Ways to Help Repair Your Credit Score

A good credit score can result in a lower home mortgage rate or a car buying rate. We all try to maintain a good score. Sometimes, though, life throws us a financial curveball and that score declines. What steps can we take to help repair it?

Reduce your credit utilization ratio. Your credit utilization ratio (CUR) is the percentage of a credit card’s debt limit you have used up. Simply stated, if you have a credit card with a limit of $1,500 and you have $1,300 borrowed on it right now, the CUR for that card is 87%. Carrying lower balances on your credit cards may tilt the CUR in your favor and promotes a better credit score.

Review your credit reports for errors. You are entitled to receive one free credit report per year from each of the three major U.S. credit reporting agencies – Equifax, Experian, and TransUnion. You might as well request a report from all three at once. As the federal government’s Consumer Financial Protection Bureau notes, you can do this at annualcreditreport.com. About 20% of credit reports contain mistakes. Upon review, some borrowers spot credit card fraud; some notice botched account details or identity errors. At its website, the CFPB offers sample letters and instructions you can use to dispute errors.

Behavior makes a difference. Credit card issuers, lenders, and credit agencies believe that payment history paints a reliable picture of future borrower behavior. Whether you pay off your balance in full, whether you routinely max out your account each month, the age of your account – these are also factors affecting that portrait.

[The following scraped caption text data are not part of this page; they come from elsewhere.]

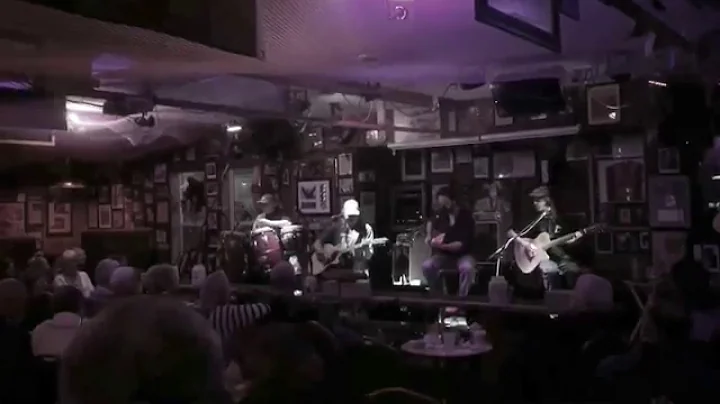 The Perdido Brothers sing Sweet Caroline at the Wo...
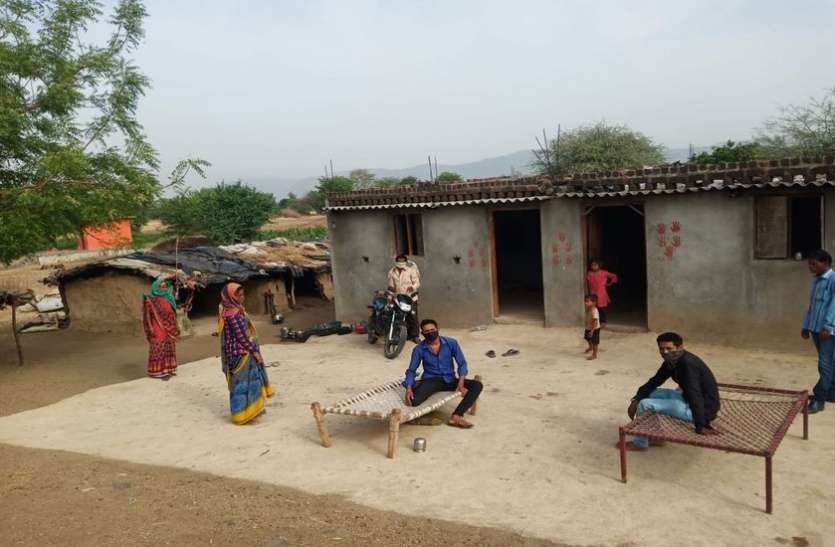यहां मकानों में भी है सोशल डिस्टेंस यहां मकानों में भी है सोशल डिस्टेंस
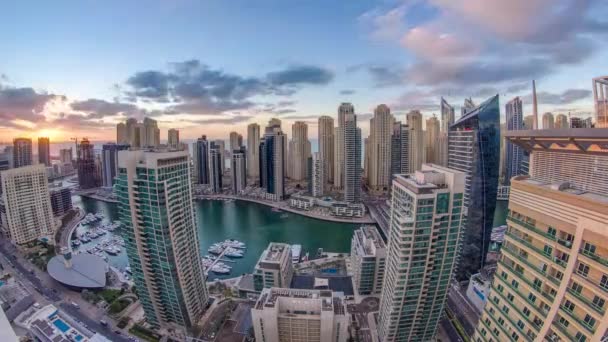 Grattacieli moderni e canale d'acqua con barche di Dubai Marina al tramonto e giorno per notte timelapse, Emirati Arabi Uniti. — Video Stock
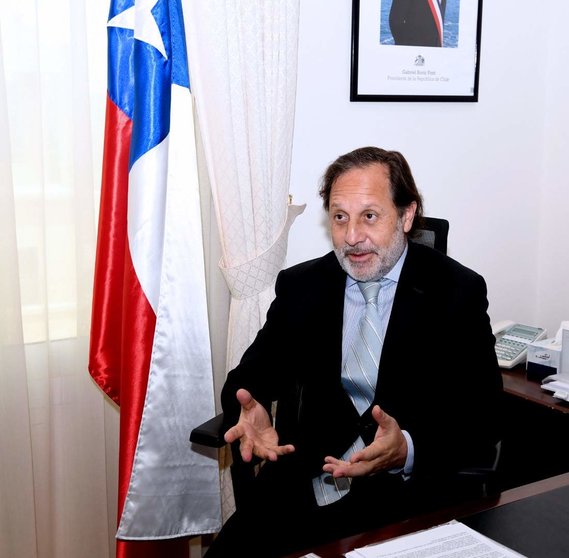 El embajador Chile en EAU, Patricio Díaz. (WAM)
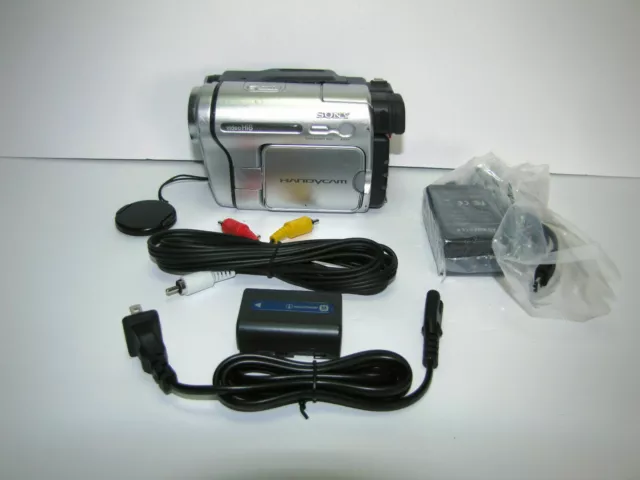 Sony Video Handycam HI8 HI 8 8mm Camera Camcorder for VCR PC MAC Transfer 2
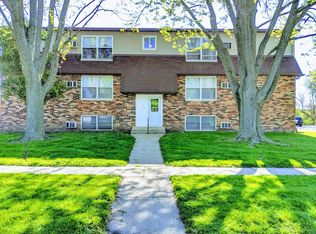 1104 S Cross St APT 4, Sycamore, IL 60178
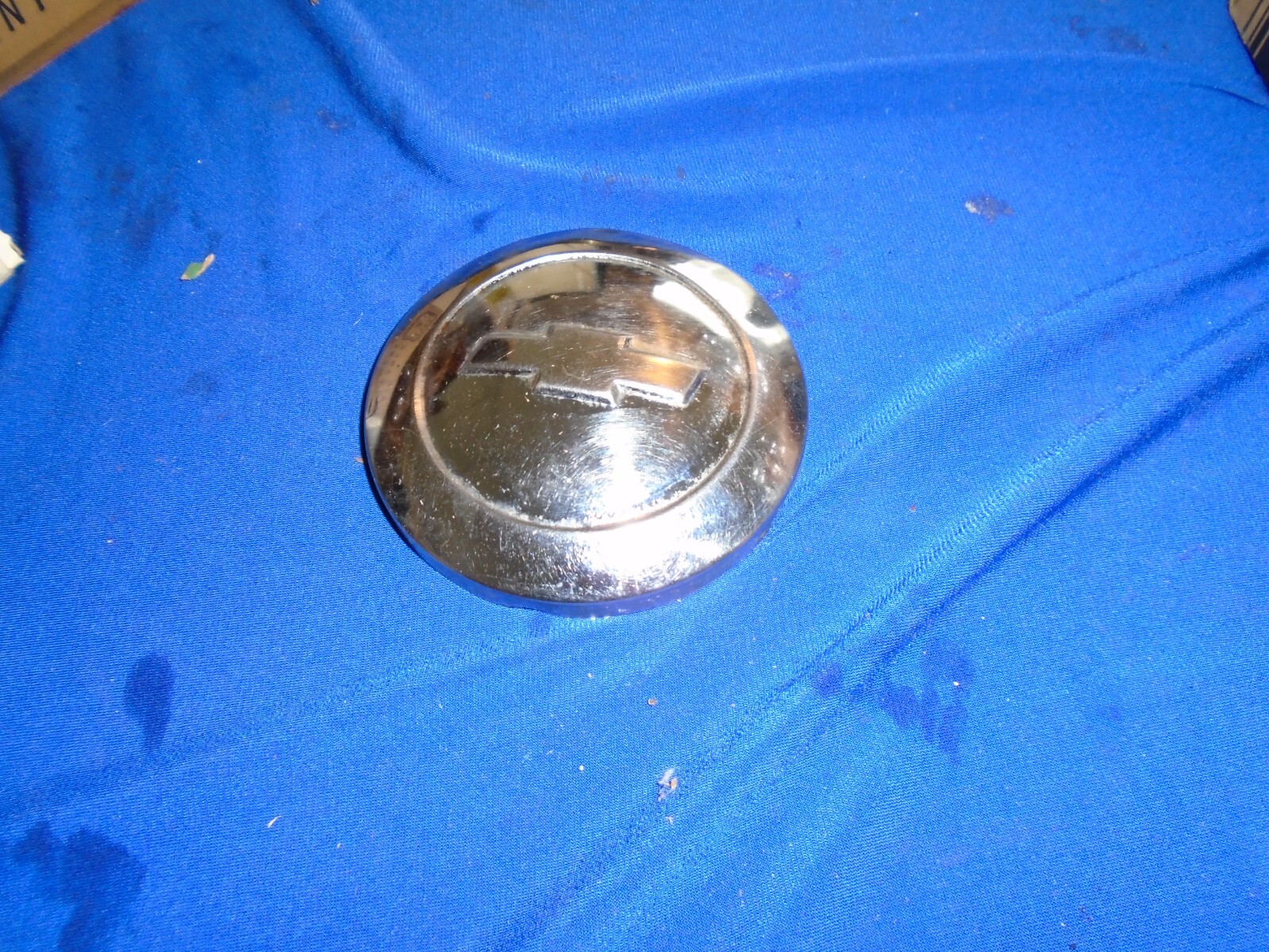 1950,1952,1953,1954 chevrolet horn cap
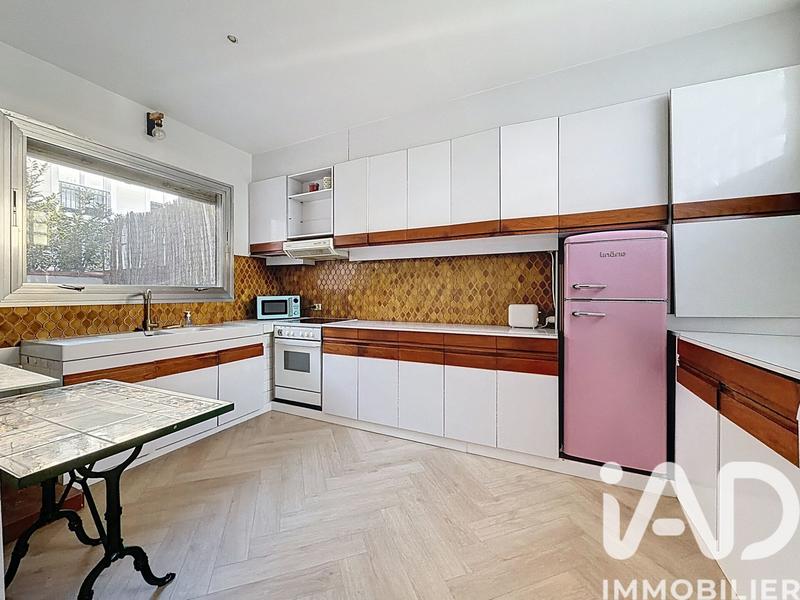 Maison - 99 m² - 5 pièces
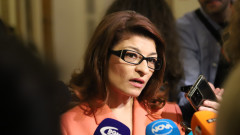 Десислава Атанасова против връщането на Спецов начело на НАП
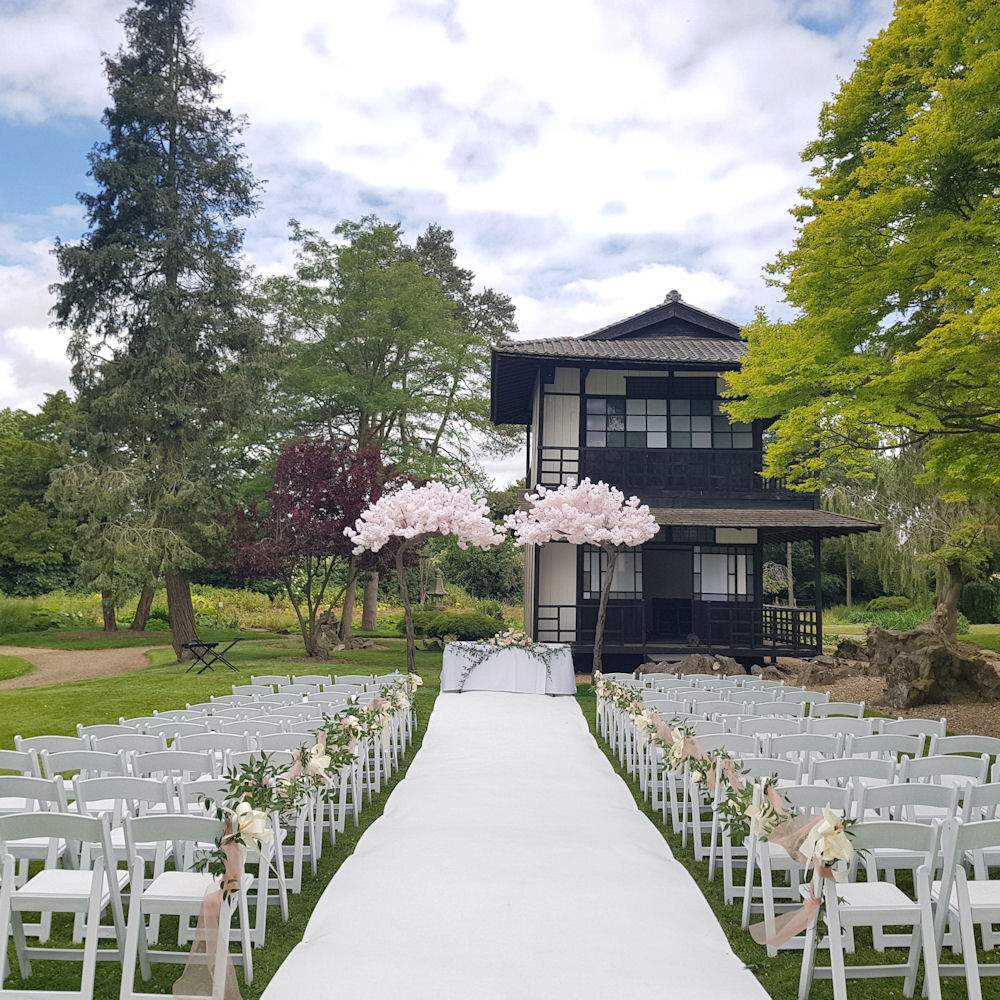 White Folding Chairs 8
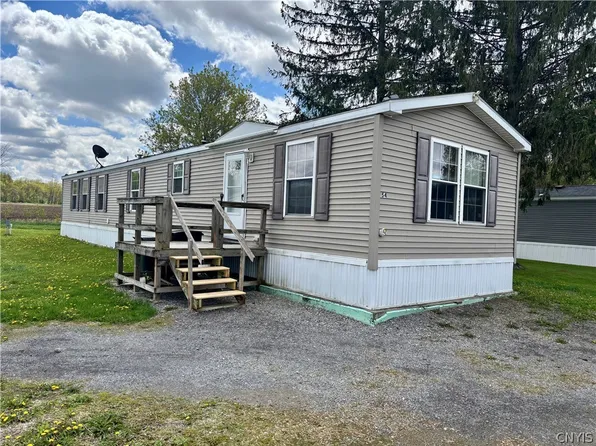 54 Fairport Rd, Delphi Falls, NY 13051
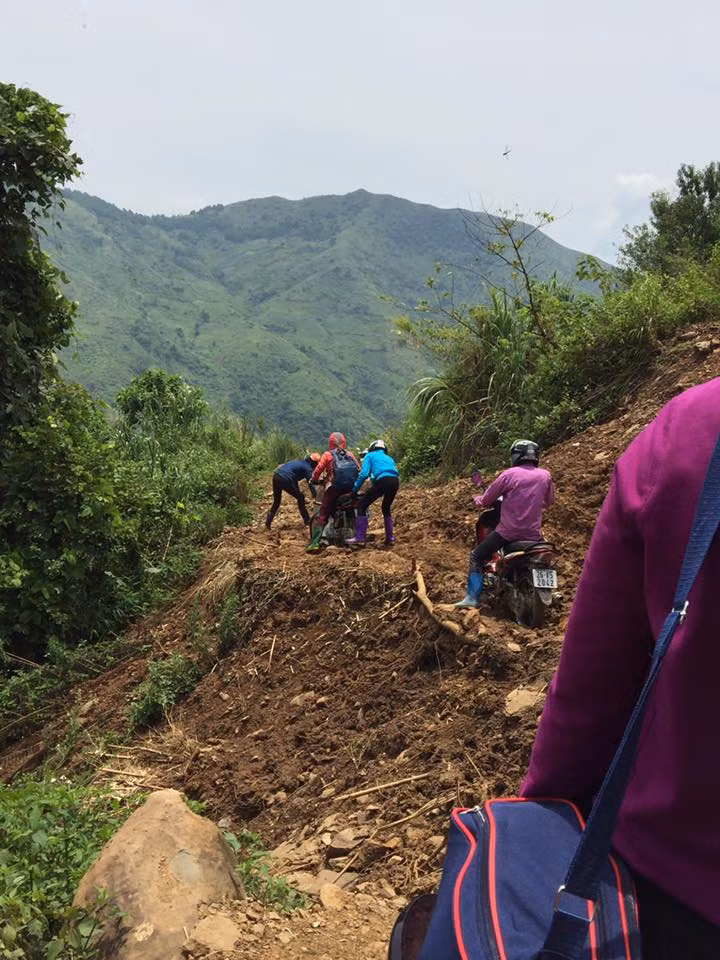 Mùa mưa, đường vào bản Suối Ó bị đất đá che lấp hoàn toàn, để đến đường với trường, các cô vừa đi vừa mở đường lại từ đầu. (Ảnh:LC) Mùa mưa, đường vào bản Suối Ó bị đất đá che lấp hoàn toàn, để đến đường với trường, các cô vừa đi vừa mở đường lại từ đầu. (Ảnh:LC)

Think about getting another credit card. Your CUR is calculated across all your credit card accounts, in respect to your total monthly borrowing limit. So, if you have a $1,200 balance on a card with a $1,500 monthly limit and you open two more credit card accounts with $1,500 monthly limits, you will markedly lower your CUR in the process. There are potential downsides to this move – your credit card accounts will have lower average longevity, and the issuer of the new card will, of course, look at your credit history.

Think twice about closing out credit cards. When you realize that your CUR takes all the credit cards you have into account, you see why this may end up being a bad move. If you have $5,500 in consumer debt among five credit cards that all have the same debt limit, and you close out three of them, accounting for $1,300 of that revolving debt, you now have $4,200 among three credit cards. In terms of CUR, you are now using a third of your available credit card balance whereas you once used a fifth.

Beyond that, 15% of your credit score is based on the length of your credit history – how long your accounts have been open and the pattern of use and payments per account. This represents another downside to closing out older, little-used credit cards.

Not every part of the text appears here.